Jakarta (pilar.id) – Tiga perempuan Indonesia hadiri konferensi Global Women’s Coalition for Quds and Palestine di Istanbul, Turki. Kegiatan tersebut berlangsung selama dua hari, Jumat-Sabtu (27-28 Mei 2022).
Mereka hadir dalam rangka memberikan dukungan bagi perjuangan bangsa Palestina, terutama kaum perempuan. Gerakan pro-Palestina telah membuat semua pihak memposisikan diri dalam mengambil sikap politik serta ekonomi untuk membela hak asasi manusia dan penentuan nasib sendiri.
Ketiga perempuan tersebut adalah Ketua Bidang Perempuan DPN Partai Gelora Ratih Sanggarwati, Ketua Bidang Gaya Hidup Hobi dan Olahraga (Gahora) Kumala Kartini, serta Wakil Bidang Perempuan Sarah Handayani.

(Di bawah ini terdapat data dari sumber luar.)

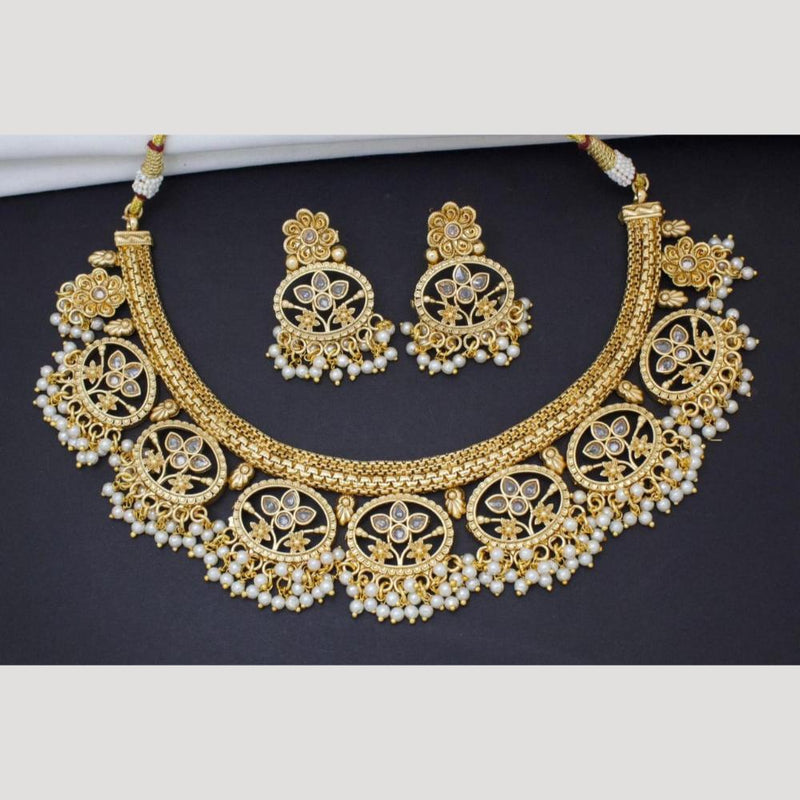 Manisha Jewellery Gold Plated Pota Stone And Pearls Necklace Set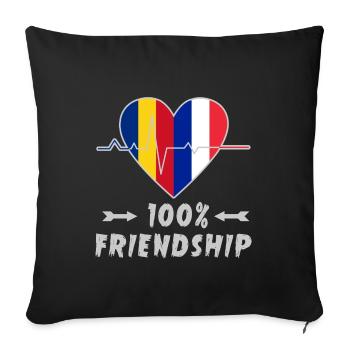 Portugal et France : amitié à 100 % - Housse de coussin décorative 45 x 45 cm - noir - Devant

Ratih mengatakan, perjuangan menuju kebebasan Palestina adalah isu kemanusiaan yang perlu dukungan banyak pemimpin negara.
Menurut Ratih, konferensi ini dihadiri oleh perempuan dari berbagai negara di dunia yang mendukung perjuangan bangsa Palestina di negaranya masing-masing. “Kami mendesak negara-negara Arab dan muslim untuk mengambil peran mereka dalam melindungi Yerusalem dan kiblat pertama,” ujarnya.

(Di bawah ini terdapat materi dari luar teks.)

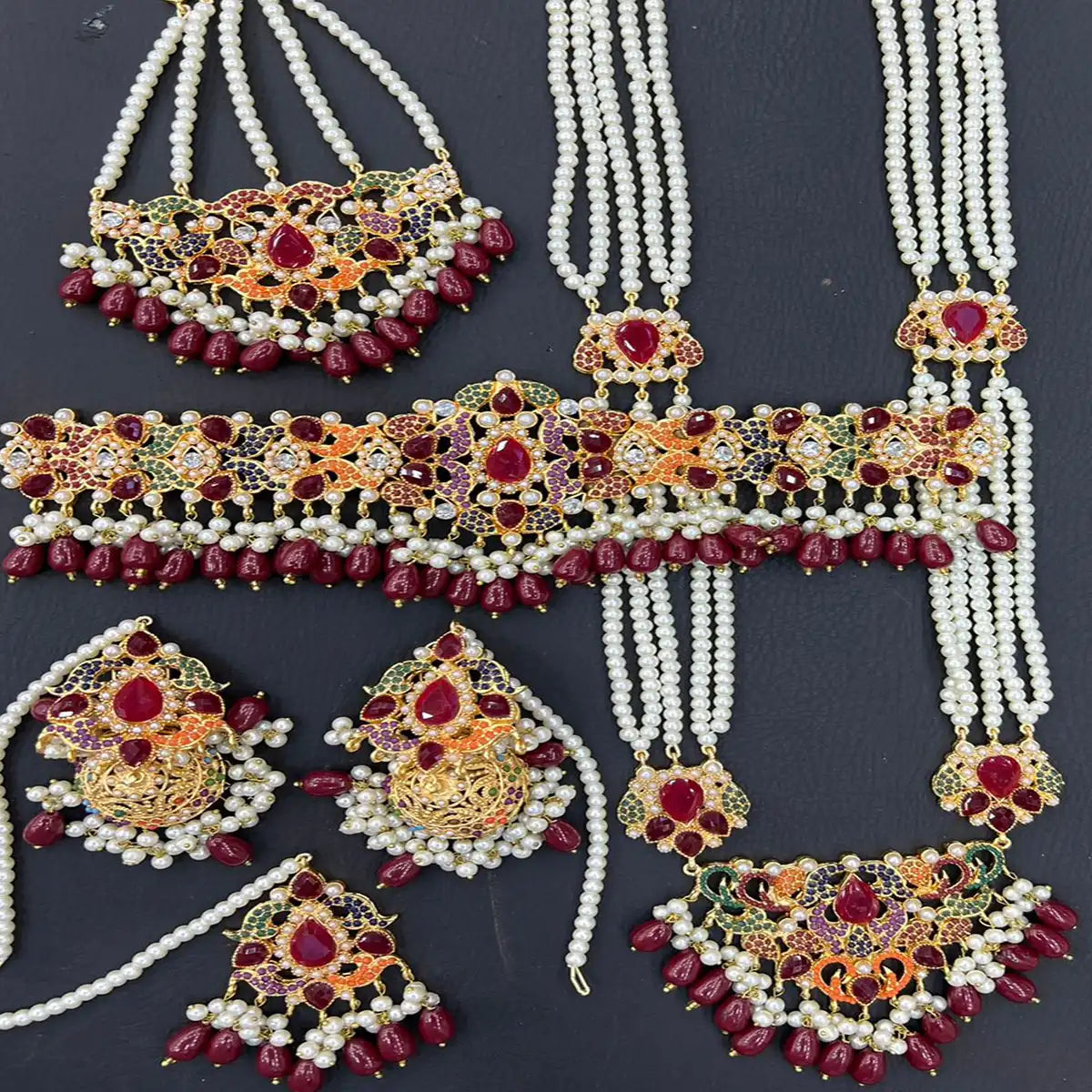 best jewellery designer in pakistan NJC-015 red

Konferensi ke-7 Global Women’s Coalition for Quds and Palestine, lanjut Ratih, menyepakati terbentuknya Koalisi Global untuk Quds dan Palestina (GCQP). Tujuan acara ini adalah untuk mengikuti perkembangan isu terakhir Al-Quds dan menguatkan koalisi untuk kemerdekaan Palestina yang sudah terbilang dua dekade.
Ia menilai kemerdekaan Palestina memerlukan arah baru perjuangan untuk perluasan dukungan dan jejaring dari seluruh negara. “Kita perlu memberikan atensi dan arah baru perjuangan bangsa Palestina,” ujar Ratih.

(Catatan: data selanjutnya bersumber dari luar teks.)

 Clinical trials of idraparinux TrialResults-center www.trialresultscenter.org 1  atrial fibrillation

Sementara itu, Sekretaris Koalisi GCQP Sana menegaskan, Israel telah banyak melanggar protokol Konvensi Jenewa yang menuntut kekuatan pendudukan untuk menghormati kebebasan penduduk Palestina. Perempuan Palestina lulusan Melbourne Australia ini juga berharap konferensi akan melahirkan peran koalisi dan perluasan jejaring perempuan ke seluruh dunia untuk membela perjuangan bangsa Palestina.
“Persoalan kemerdekaan Palestina, bukan hanya persoalan terbatas orang Arab, tapi persoalan kemanusiaan,” kata Sana. (Ach/din)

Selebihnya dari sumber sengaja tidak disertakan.